CPD is a process of recording and reflecting on learning and development; the action of tracking
and documenting the skills, knowledge and experience that teachers gain both formally and
informally as they teach, beyond any initial training. It's a record of what they experience, learn
and then apply.

According to the standards for teachers’ professional development, teacher CPD needs to be:

1. Focused on improving and evaluating pupil outcomes


2. Underpinned by robust evidence and expertise
3. Include collaboration and expert challenge
4. Sustained over time
5. Prioritised by leadership

In addition, by reviewing decades of research, Joyce and Showers (2002) found that CPD must
provide teachers with the theory underlying the new instructional strategies they’re learning,
demonstrations, and opportunities to practice the strategies in their own classrooms.

Why is CPD important?

The CPD process helps teachers to manage their own development on an ongoing basis. It's not a
tick-box document recording the training they have completed. It's broader than that. Here’s
what CPD helps teachers to do:

 Ensures they keep pace with the current standards of others working in education.
 Keeps their knowledge and skills current so they can deliver high-quality teaching and
impact positively on pupil outcomes.
 Makes sure that they become more effective in the workplace. This helps them to
advance in their career and move into new positions where they can lead, manage,
influence, coach and mentor others.
 Opens them up to new possibilities, new knowledge and new skills.
 Leads to increased confidence in themselves, others and the profession as a whole.

Teacher CPD is also very useful at:

 Reminding them of their achievements and how far they’ve progressed.


 Directs their career and helps them keep an eye on their goals.
 Uncovers gaps in their skills and capabilities.
 Opens up further development needs.
How teachers record their CPD is up to them, but you might want to think about offering an
electronic method or a framework to help guide your teachers. Format is not important, what
matters is that it’s meaningful for teachers.

I often hear that teachers and educators don't have time for their own CPD. Or they believe that
it's SLT's responsibility to guide their professional development. More often than not CPD is
thought of as ‘providing training to develop a skill’, but effective professional development is
so much more than something that is delivered to teachers.

Instead of identifying professional learning as a process of acquisition based on the SLT passing
on their knowledge, learning should be more commonly conceptualised as a course of action
whereby teachers actively and collaboratively construct their own understanding and skills.

hy teachers should be responsible for their own CPD

Delivering CPD suggests a 'top down' approach, which won’t be empowering to teachers. It’s
also the opposite of what is recommended in the government standard for teachers’ professional
development from 2016. The standard promotes the need for teachers and other educational
staff to take control of their own professional learning.   

This key issue was discussed at a seminar hosted by CUREE with the members of the Expert
Panel who authored the 2016 standard. It was clear at this event that what is different about the
standard is that teachers also have a set of responsibilities.
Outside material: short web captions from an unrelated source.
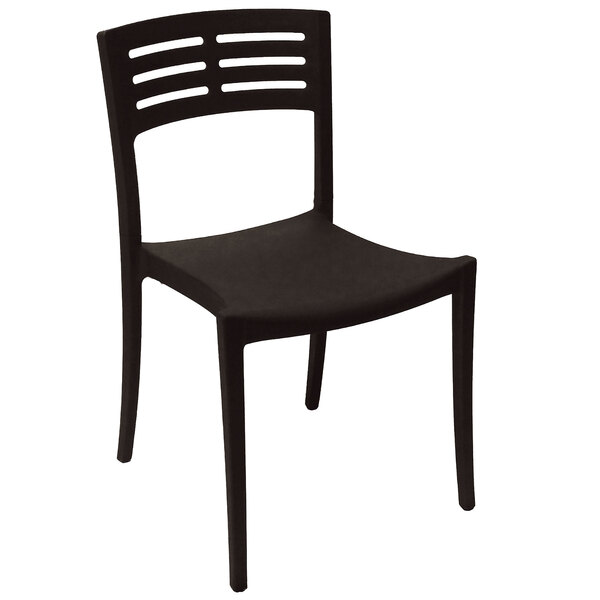 A pack of 4 black plastic Grosfillex Vogue sidechairs with backrests.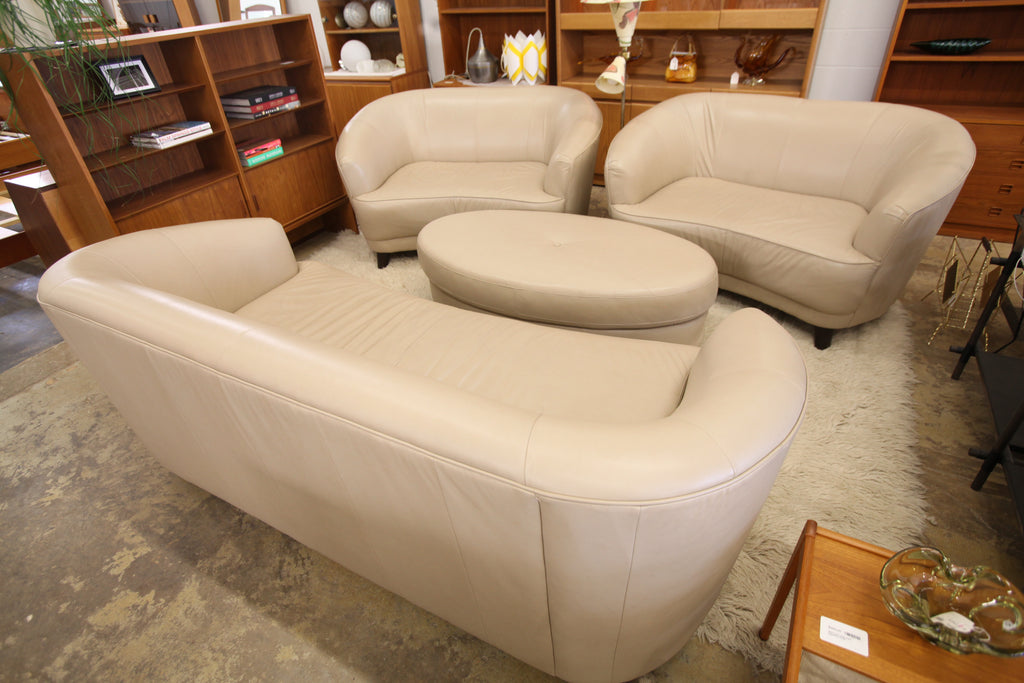 Sofa in Beige Leather (85"W x 39"D x 32.5"H)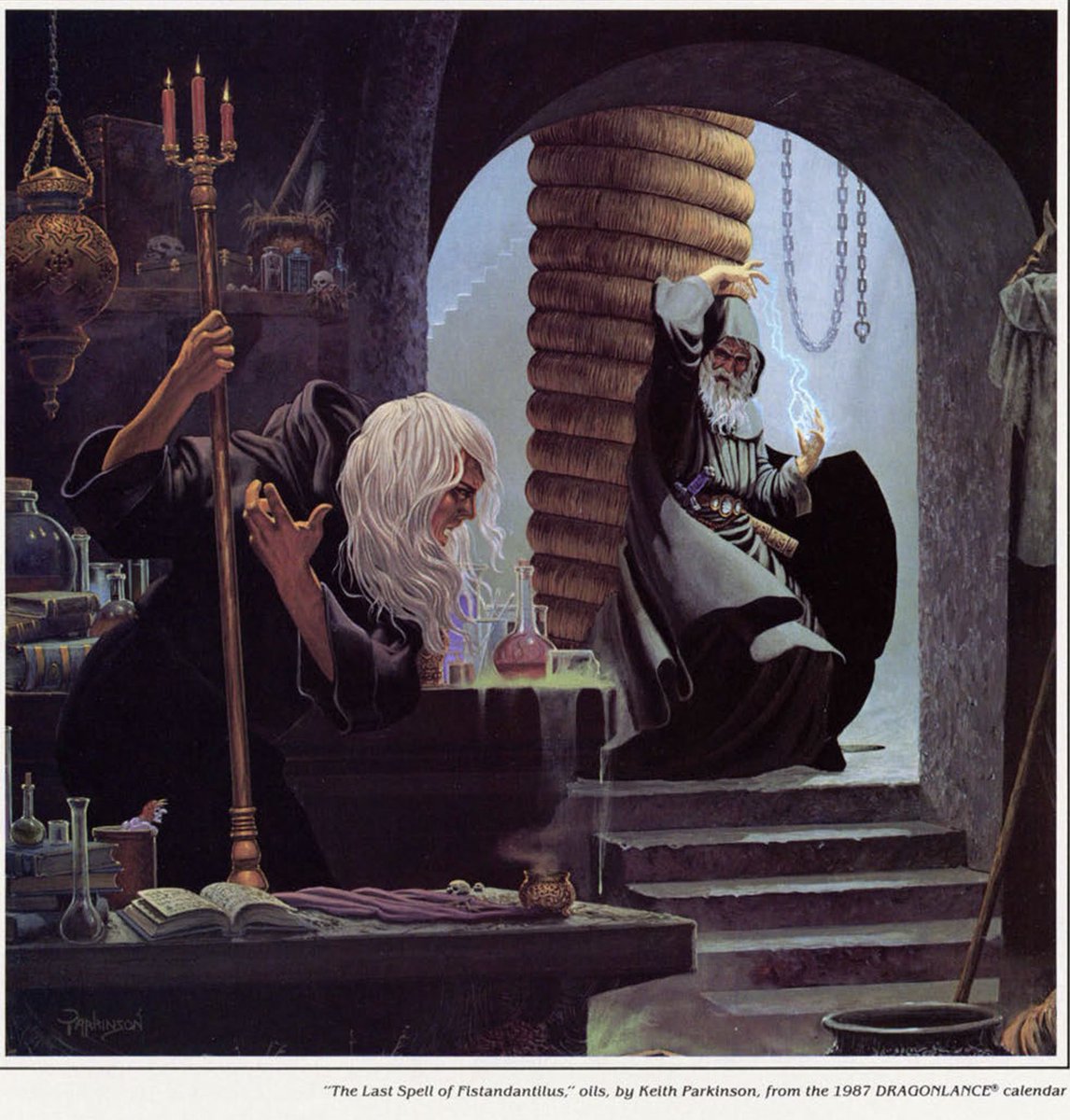A #Dragonlance Did You Know?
As the article acknowledges, it’s very true that telling staff that CPD needs to be done for Ofsted
or for SLT won’t be at all motivating. Key for gaining teacher buy in is understanding how
exactly the learner experience will be improved.

Most teachers choose their profession for a reason, even if sometimes that initial motivation
might fade a bit to the background as the years progress. Appealing to that core motivation when
it comes to CPD, promoting it as a tool to help them be the best teacher they can be, can go a
long way towards reaching your schools’ CPD goals.

When working with trainee teachers and NQTs, it can be hugely beneficial to establish CPD as
an offer that’s available to them to become even better, rather than just something they’re
obligated to do.

Top Tip:  Effective video-based CPD  is a fantastic tool to support your teachers’ development
through all the stages of their career, starting with initial teacher training all the way to
becoming an experienced teacher and mentor to others.

The importance of personalised CPD


In the past, Philippa Cordingley (Chief Executive of CUREE) has spoken about how SLT need
to view staff like they would a class. This is echoed in the article with the suggestion that CPD
Leads need to plan and structure training in the same way they would a lesson.

The difference is that unlike the article, Philippa is not concerned with viewing staff like a class
in order for the CPD Lead to feel confident in delivering a training session. Instead, her message
is that CPD Leads need to consider what it is that every individual member of staff needs,
just as a teacher uses differentiation in the classroom. In the best classrooms, we see children as
active contributors to the learning process and the same should be true of professional learning.

Philippa echoes part 1 of the standard, which highlights the importance of personalised CPD. It
recommends that professional development activities should:

 Be designed around individual teachers’ existing experience, knowledge and needs


 Be relevant to the context and day-to-day experiences of teachers and their schools

The staff in a school are like a class; each teacher has different levels of experience, different
priorities they want to focus on and different ways they like to learn. It can’t be presumed that
one style of professional learning will fit all.